JEP 387 "Elastic Metaspace" - a new classroom for ...

former_member753687 · ‎07-16-2021

The Java Virtual Machine needs memory to breathe - sometimes more than we like. One of its hungrier subsystems can be the Metaspace, the part of the JVM holding class metadata. With JEP 387, SAP contributed a much more frugal and elastic implementation to the OpenJDK.

-- The original of this article (in German) can be found at JavaMagazin 7/2021 --

Java 16 came with a handful of new JEPs [1]. We find new features like the new Vector API and the now fully incubated Java Records. In this list, we also find the somewhat mysteriously named JEP 387: "Elastic Metaspace" [2]. Despite its relative obscurity, it was one of the largest outside contributions for this release, with the patch itself counting upwards of 25kloc.

What is a JEP?

Java - the Java Virtual Machine and the JDK - are developed under the umbrella of the OpenJDK [7], a massive Open Source project under the stewardship of Oracle and other companies. SAP has been a long-time contributor to that project, with our first involvement going back to 2012.

OpenJDK development is governed by processes, and normal enhancements go through a process called Request for Enhancement (RFE). An RFE requires patch reviews but usually little else unless the patch affects compatibility.

But significant changes to the JVM, the Java language, or the API surface of the JDK stretch the confines of an RFE. They are therefore subject to the more heavy-weight Java Enhancement Proposal process (which, in beautiful recursion, is defined by its own JEP [3]). A JEP requires much more extensive design- and code reviews. As a result, it often takes a lot longer than a simple RFE. Still, JEPs are essential to ensure the long-term quality and compatibility of the JDK.

Most JEPs Oracle does by itself, even though the process is open to all. That may come down to sheer talent pool size. But outside JEPs are possible and are done: for example, in 2019, Red Hat provided their well-known Shenandoah-GC as JEP 189.

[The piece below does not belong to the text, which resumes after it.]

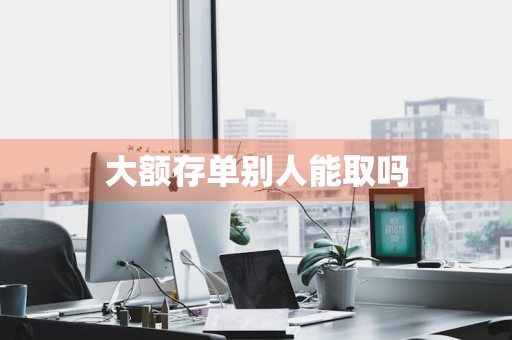 大额存单别人能取吗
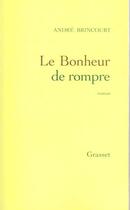 Couverture du livre « Le bonheur de rompre » de Andre Brincourt aux éditions Grasset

At SAP, we authored several JEPs in the past, so JEP 387 is not our first rodeo either. We contributed large architecture ports (JEP 175: "PowerPC Port/AIX" and JEP 294: "s390x Port"), and, more recently, the smaller but well-received JEP 358: "Helpful NullPointerExceptions."

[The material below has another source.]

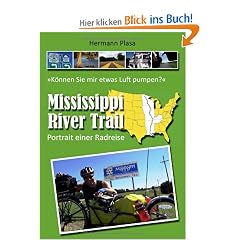 Mississippi River Trail: Portrait einer Radreise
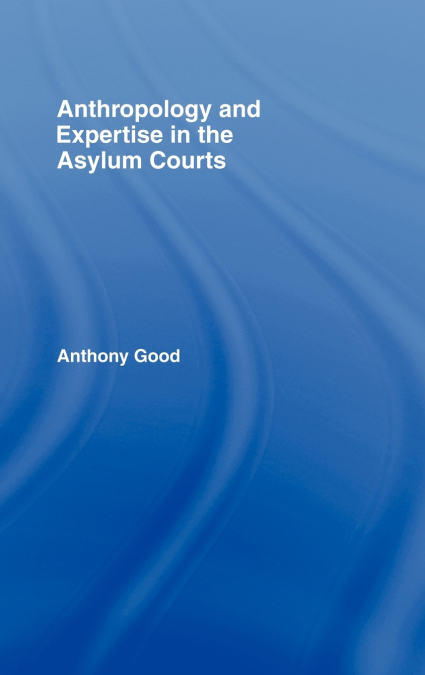 Anthropology and Expertise in the Asylum Courts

Off-Heap Memory and the Metaspace

The JVM can be a resource-hungry beast. The largest consumer of memory is typically the Java heap, and arguably that is fine and expected since it contains the actual program data. All else is just necessary surplus - grease needed to make the machinery run.

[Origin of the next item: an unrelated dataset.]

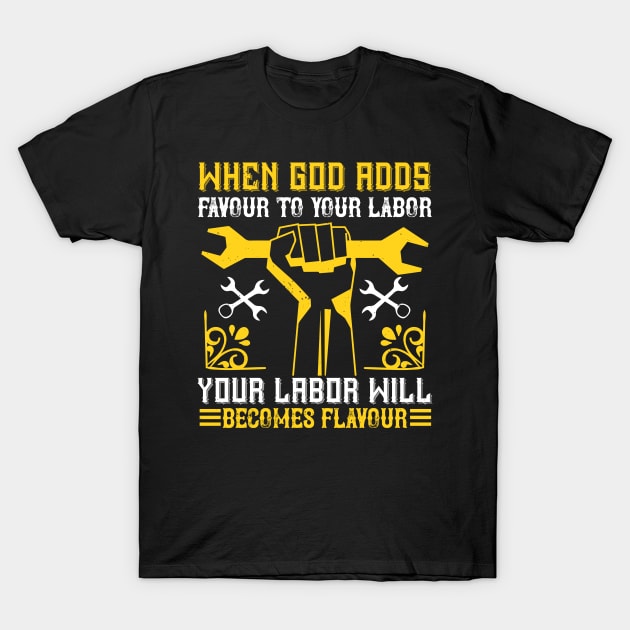 When God adds favour to your labor T-Shirt by 4Zimage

Therefore, users are sometimes surprised to find that Java heap consumption is just a part of the total JVM process footprint. But there are many internal data we need to accommodate, for example:

Thread stacks

GC control structures

Interned Strings

CDS archives and text segments

JIT-compiled code (the code cache)

and many many other things

All these data live outside the Java heap, either in C-Heap or in manually managed mappings. Colloquially named off-heap - or, somewhat more incorrectly, native - memory, the combined size of these regions can surpass that of the heap itself.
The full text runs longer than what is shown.